Telegrams continued to pour into the U.S. embassy in Tokyo. Friends, family, and politicians beseeched the fliers to stop what the press and top aviation experts were now calling a suicide flight. “In the name of the people of Detroit … I beg you to abandon your intended flight over the Pacific,” cabled Detroit Mayor John W. Smith. “Daddy,” pleaded 10-year-old Rosemarie Schlee, “please take the next boat home to us. We want you.”

Finally, on Sept. 15, the men caved in. They announced they would take a liner back to the States. “We quit,” said Brock, “because the whole world is fighting us.” Two weeks later, the Korea Maru pulled into San Francisco Harbor, the Pride of Detroit “hanging tailless by ropes on the upper afterdeck, looking like a yellow jacket that had alighted in the rigging.” The dejected pilots criticized the Navy, but Ted Schlee sees things differently. “It’s a good thing the Navy decided not to cooperate. They probably wouldn’t have made it.” Ted Schlee points out that the pilots gained more admiration for their near-triumph than if they had completed the trip. One aviation publication praised their decision to quit as “a sane interlude in a succession of disastrous ventures.”

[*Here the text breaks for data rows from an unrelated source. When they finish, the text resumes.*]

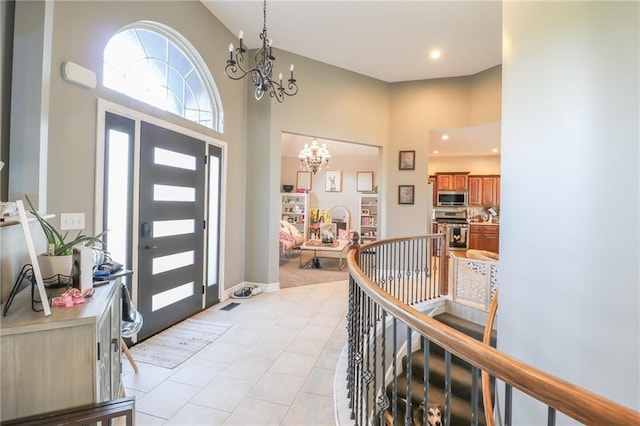 foyer entrance featuring light tile patterned flooring, a chandelier, and a high ceiling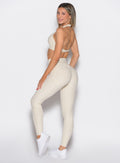 left side profile view of a model looking over her shoulder wearing the Uplift peach leggings in pearl white color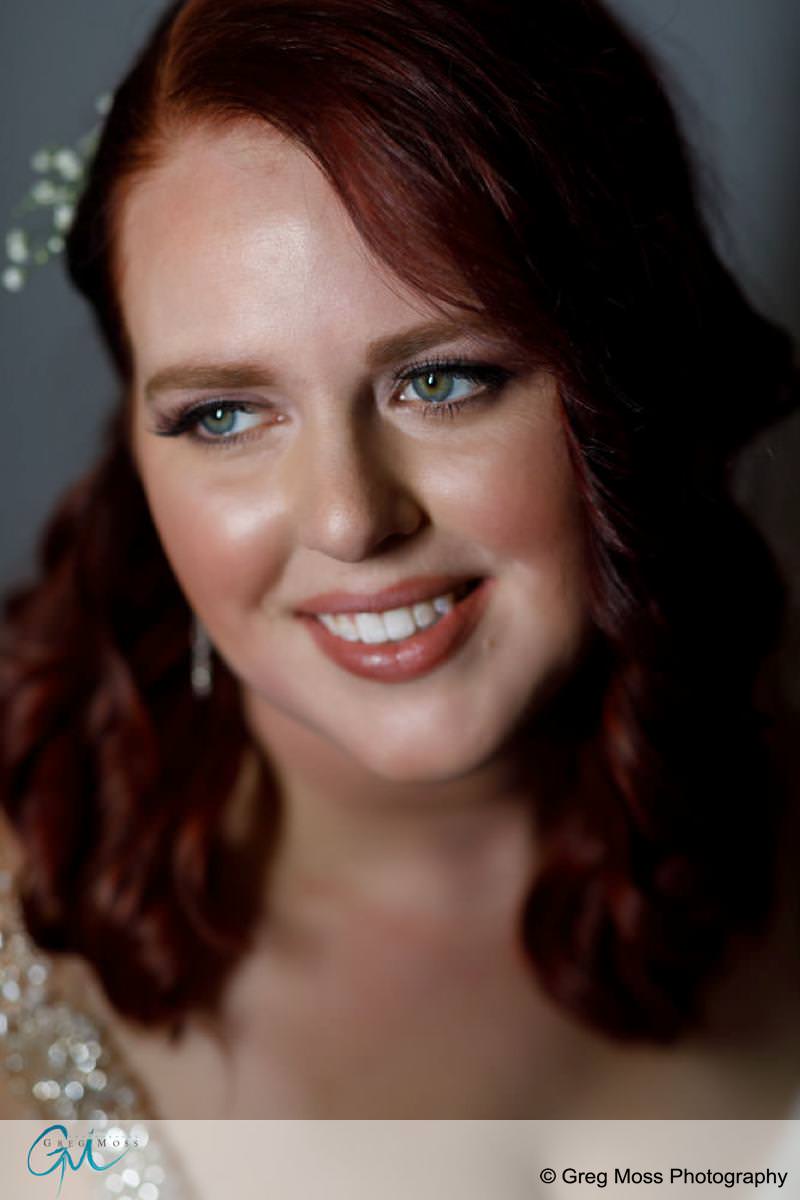 Close-up portrait of a woman with red hair and blue eyes, smiling, wearing a white dress with a decorative hairpiece at a Red Barn Wedding.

The fliers reassembled their plane and flew home, landing at Ford Airport on the afternoon of Oct. 4. “As they landed, crowds surged in upon them,” reported Time magazine, which had followed the men’s exploits. “Into Mr. Schlee’s arms rushed his wife. As he was pushed through the crowds on his way to City Hall, congratulatory hands clapped him on the back, hundreds of people shouted at him from all directions, automobile sirens shrieked in his ears.” After being received by Mayor Smith and other dignitaries, the pilots attended a banquet given by their friends. Schlee was called upon to speak, but he could get out only a half-dozen words before collapsing. The strain of the adventure had finally caught up with him. The mayor helped carry him out of the room and the banquet was adjourned.

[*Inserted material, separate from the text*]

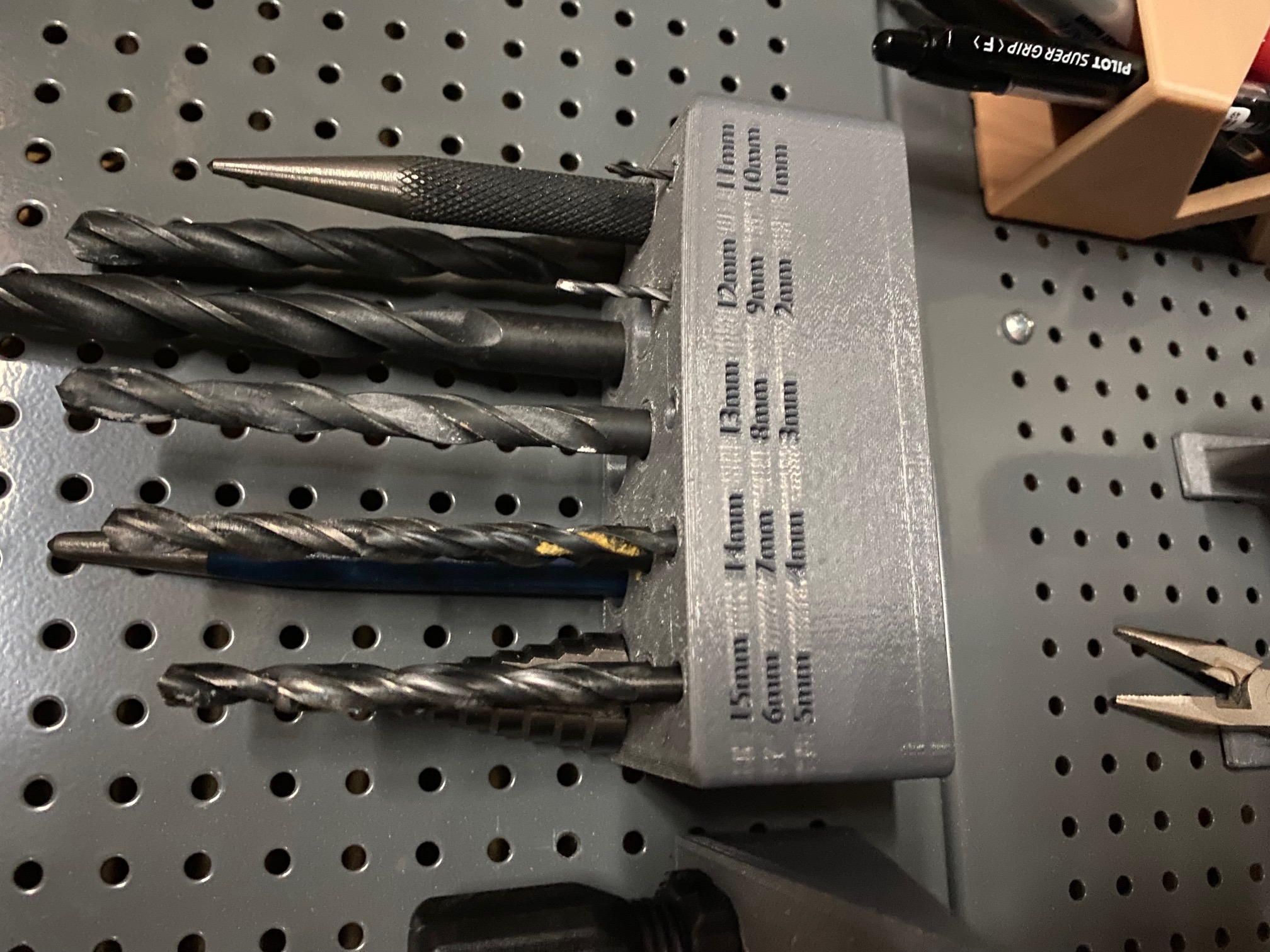 Drill bit holder for pegboard (4mm holes and 12mm spacing) (Biltema) by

Was the truncated flight a legitimate attempt to push aviation’s envelope or just two more pilots succumbing to the siren call of fame? Detroit dailies gave the local heroes the benefit of the doubt. The Free Press reminded readers: “Schlee and Brock flew more than halfway around the world with only brief stops, traversing oceans and continents, mountain ranges and deserts, combating fierce storms in strange lands and waters. Their skill and courage never failed them and their machine proved staunch. They demonstrated the practicability of sustained, long-distance flying. All these things combine to make their trip ‘the greatest flight.’ ”

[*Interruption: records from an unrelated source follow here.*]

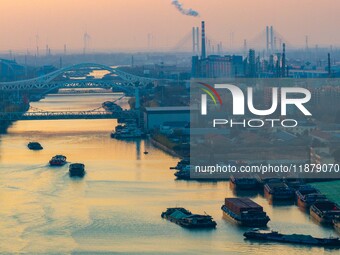 Transport ships sail on the Beijing-Hangzhou Grand Canal in Huai'an City, Jiangsu Province, China, on December 18, 2024. (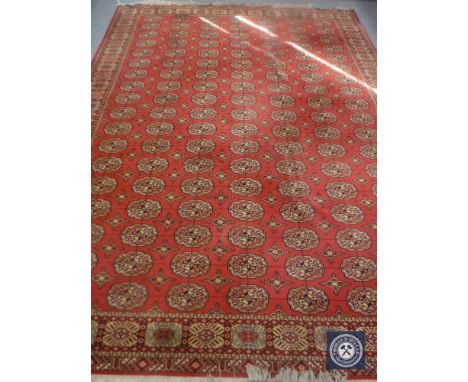 A 20th century machine made Persian design carpet on red ground 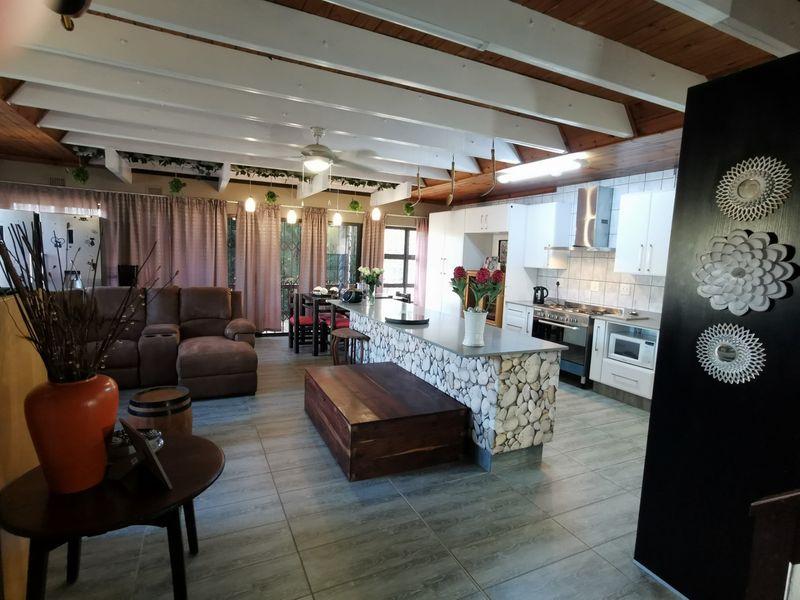 Open-plan living and kitchen area featuring a stone-clad breakfast island, exposed timber ceiling beams, and tiled flooring throughout.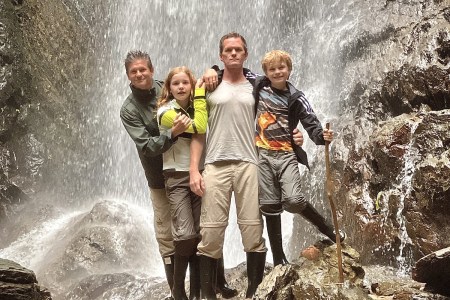 Family standing in front of waterfall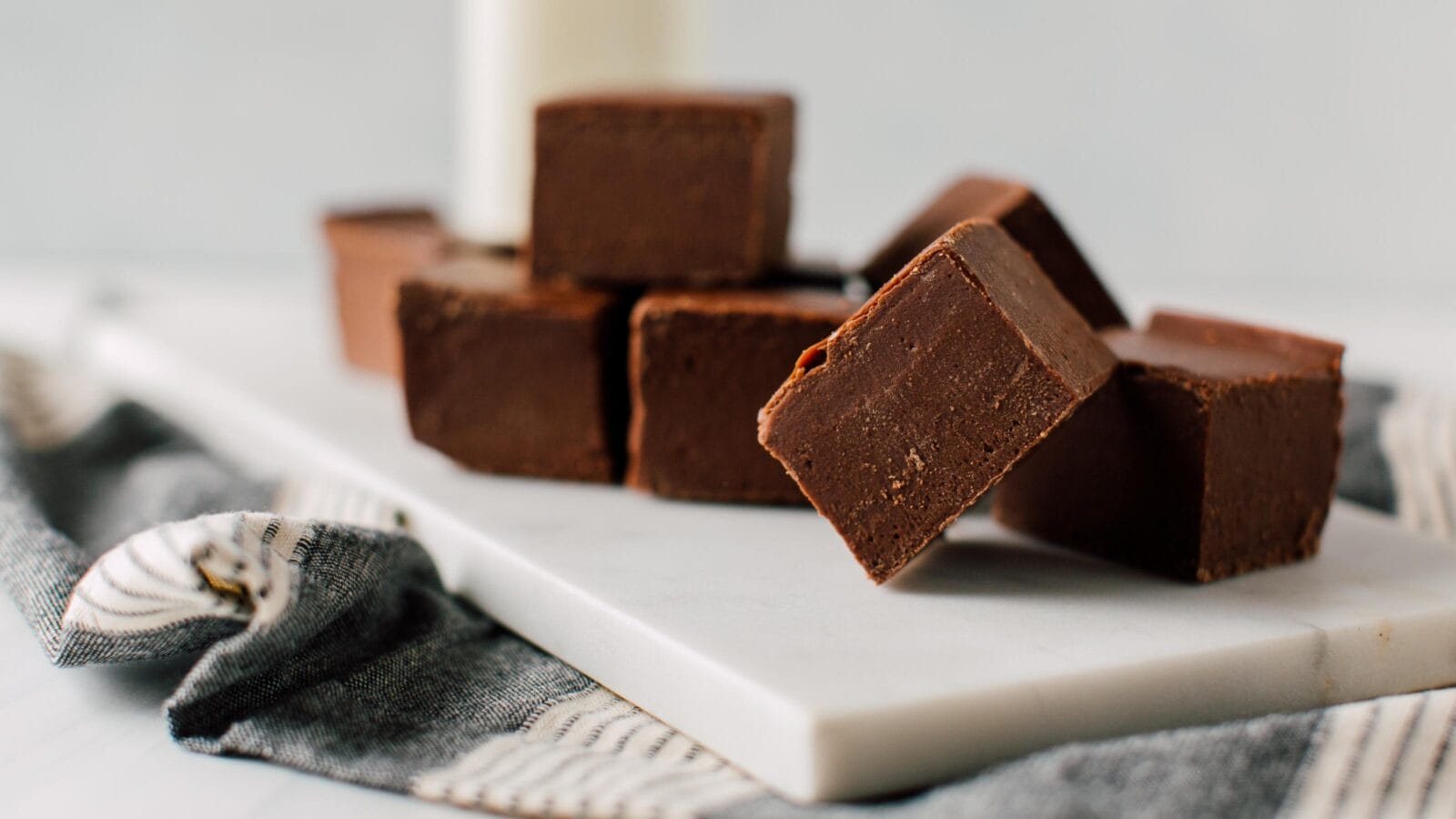 Homemade Fudge cubes on white plate.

Over the next couple of years, Schlee and Brock undertook various endurance and distance flights around the country, though nothing nearly as ambitious as their globe-girdling “greatest flight.” Bad luck continued to dog them. One summer day in 1929, Schlee was hand-starting a plane when the propeller kicked back. The blades sliced his shoulder, fractured his arm, cracked his skull, and left him permanently deaf in one ear. He survived, but the small aircraft company he and Brock operated didn’t. The Great Depression hit both men hard. In 1931, the Pride of Detroit — which Schlee had once praised as “more faithful than a woman” — was auctioned by the county sheriff to satisfy a debt. It sold for $700. The following year, Brock died of cancer at 36. Schlee drifted into obscurity. His last job was working as an aircraft inspector at Packard during World War II. He died in 1969, the year Apollo XI traveled to the moon and back.

Today, the flying machine that once carried two dreamers halfway around the world hangs inside the Henry Ford Museum, though its original canvas skin — bearing the faded signatures of new friends made in Belgrade, Baghdad, Karachi, and other exotic locales along the journey — was unaccountably replaced by a curator. Tucked away in the archives is a full-page newspaper tribute published the day of the airmen’s homecoming: “Detroit is proud of the Pride of Detroit and its Intrepid Pilots — Ed Schlee and Billy Brock.”